TRPL measurements were performed using a custom-built inverted PL microscope setup equipped with a motorized piezo stage. Excitation was provided by a pulsed super continuum white light source (Fianium Whitelase) filtered via a Bentham TMc 300 monochromator. TRPL excitation was acquired using a 550 nm laser via a 60× oil objective, producing a 10 μm diameter confocal laser spot on the sample. The laser spot size was measured using the image created on an EMCCD camera (Photometrics QuantEM™ 512SC). The laser repetition rate was set to 5 MHz with 11.4 ps resolution to obtain PL decay data. The MoSe₂ PL was collected using a MPD visible single photon avalanche diode (Vis-SPAD) via 750 nm long pass and 900 nm short pass filters, completely filtering out laser excitation and allowing collection of MoSe₂ PL only. Further precaution was taken to remove any long wave component of the excitation line using a 650 nm short pass filter. All signals were scaled up to 3000 s, which was used for the lowest excitation intensity measurement. The laser power was measured with the excitation line using a Thorlabs S130C photodiode and PM100D power meter. The laser excitation power was regulated using a series of neutral density filters. The instrument response function was measured with a blank glass cover slide, as used for the sample. Decay rates were fitted using a model developed in Origin, which consists of a Gaussian (as the IRF) convoluted with a double exponential decay.

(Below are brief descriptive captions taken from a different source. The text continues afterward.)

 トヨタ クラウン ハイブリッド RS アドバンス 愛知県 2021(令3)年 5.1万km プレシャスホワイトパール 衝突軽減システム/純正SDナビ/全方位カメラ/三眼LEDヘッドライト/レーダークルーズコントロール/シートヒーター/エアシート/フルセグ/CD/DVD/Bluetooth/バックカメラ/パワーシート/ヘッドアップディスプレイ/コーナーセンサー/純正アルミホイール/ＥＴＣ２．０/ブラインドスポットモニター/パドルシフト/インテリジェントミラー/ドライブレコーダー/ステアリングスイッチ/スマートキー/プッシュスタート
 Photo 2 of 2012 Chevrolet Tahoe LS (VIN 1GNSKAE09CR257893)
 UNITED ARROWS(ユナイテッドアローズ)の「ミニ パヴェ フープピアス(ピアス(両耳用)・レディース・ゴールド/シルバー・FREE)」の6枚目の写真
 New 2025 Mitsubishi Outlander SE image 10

Transistor preparation and characterisation

After exfoliation and transfer onto Si–SiO₂ (90 nm), isolated monolayer MoSe₂ flakes were identified and electrodes with a typical channel length of 4 μm were patterned using e-beam lithography and thermal evaporation of Pd : Au (20 nm : 80 nm), followed by lift-off in acetone. Transfer characteristics were measured using a Keithley 4200 SCS connected to a probe station. The global back-gate was swept from negative to positive voltages and the current was measured under a source-drain bias of 5 V.

Nanocrystal graphics

Nanocrystal graphics in Fig. 1a were developed in VESTA software⁴¹ and parsed into ChemDraw3D (PerkinElmer) for rendering.

Results & discussion

Fig. 1a shows a cartoon illustration of OA ligand coordination to a selenium (Se) vacancy. Fig. 1b shows the scatter plot of the spectral position of peak emission and PL integrals extracted from PL maps of multiple MoSe₂ monolayers on Si–SiO₂ substrates before and after OA treatment. Maps were measured at 126 W cm⁻². Fig. 1c shows the PL spectra for points on an exemplary monolayer that correspond to the median PL enhancement, Δ_median, where Δ = PL_{after treatment}/PL_{before treatment}. Table 1 shows the statistical information derived from Fig. 1b, namely: average PL enhancement across the monolayers (Δ_ave); standard deviation in the PL integral (σ_PL); average emission peak wavelength (λ_ave); and standard deviation in the peak wavelength (σ_λ). The untreated case is indicated by (*). Fig. 1d shows the normalised spectra of Fig. 1c, with single Gaussian peaks fitted to estimate the change in spectral linewidth between untreated (blue) and treated (red) cases.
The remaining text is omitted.